We’re almost at the halfway point in January and pundits in most sectors have had their say about what the year ahead is likely to hold.

For retailing, however, this seems like a very good time to make a guess at the way in which events will unfold, because only now are we reasonably aware of how individual companies have performed over Christmas.

So, here’s a simple prediction based on pure prejudice about the way in which retailers operate. Retail designers, shopfitters, project managers and strategy consultancies (whatever they may be) are in for a lean time. Conventional wisdom tends to say that if you have a programme of refurbishment or store upgrades, then, when the economy tightens, you have to grit your teeth and keep going. If you don’t, then your competitors will forge ahead, mopping up whatever business is out there to be done.

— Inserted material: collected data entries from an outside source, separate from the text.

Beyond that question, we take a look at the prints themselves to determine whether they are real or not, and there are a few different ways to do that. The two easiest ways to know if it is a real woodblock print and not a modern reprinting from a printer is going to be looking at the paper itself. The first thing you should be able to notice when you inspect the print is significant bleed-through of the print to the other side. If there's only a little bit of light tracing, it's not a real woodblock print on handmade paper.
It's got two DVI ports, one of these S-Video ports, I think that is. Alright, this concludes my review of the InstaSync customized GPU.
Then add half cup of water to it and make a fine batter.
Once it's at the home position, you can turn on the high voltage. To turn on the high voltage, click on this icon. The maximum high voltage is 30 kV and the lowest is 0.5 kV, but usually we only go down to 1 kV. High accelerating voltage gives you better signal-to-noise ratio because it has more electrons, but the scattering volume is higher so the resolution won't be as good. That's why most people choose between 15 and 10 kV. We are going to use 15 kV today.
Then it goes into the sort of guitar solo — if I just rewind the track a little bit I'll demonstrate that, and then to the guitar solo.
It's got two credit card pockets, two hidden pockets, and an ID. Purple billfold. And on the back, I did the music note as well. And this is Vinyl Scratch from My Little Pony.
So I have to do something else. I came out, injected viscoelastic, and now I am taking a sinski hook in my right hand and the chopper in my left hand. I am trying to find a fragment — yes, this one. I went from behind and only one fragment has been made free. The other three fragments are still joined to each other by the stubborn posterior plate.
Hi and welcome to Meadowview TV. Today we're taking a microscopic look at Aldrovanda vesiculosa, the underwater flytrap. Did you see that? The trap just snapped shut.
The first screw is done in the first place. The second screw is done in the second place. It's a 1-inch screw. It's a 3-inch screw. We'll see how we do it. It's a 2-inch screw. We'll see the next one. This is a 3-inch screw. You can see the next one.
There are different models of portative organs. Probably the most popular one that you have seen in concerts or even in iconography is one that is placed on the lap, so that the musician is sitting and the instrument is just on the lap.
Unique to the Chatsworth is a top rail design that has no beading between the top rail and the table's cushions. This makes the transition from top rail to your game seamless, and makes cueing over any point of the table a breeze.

Sounds like common sense; something along the lines of: “When the tough get going…” – well, you know the rest. Except that it fails to take into account the batten-down-the-hatches, short-term mentality that characterises UK retailing frequently. Almost as soon as a couple of weeks elapse, in which like-for-like numbers are behind the previous year, boards convene to try to work out how to deal with what is always an unexpected downturn. And, if top-line growth is not materialising, then cost-cutting is the next item on the agenda.

This can mean a number of things, with anything from staffing levels to IT investment likely to be subject to close scrutiny. But, among the many savings that can be made, cutting design and build/rebuild programmes out of budgetary agendas is going to yield a tangible benefit almost immediately.

And good news. This kind of capital expenditure cutback feeds straight into the bottom line, making up for compromised selling margins and fewer customers. It could be seen as removing one of the riskier elements from retail finance and certainly provides a temporary breathing space. However, in the long term – think maybe six months from now, if store portfolios are allowed to degrade, then remaining competitive may prove tricky.

This is a time for retailers to be brave and ensure that store environments are not compromised. After all, interiors are the bit that shoppers see that should influence them into easing the purse strings. The trouble is, making this case to concerned stakeholders is really, really difficult. So, for those in the business of providing us with fine new shops, 2008 will – at the very least – be different from last year.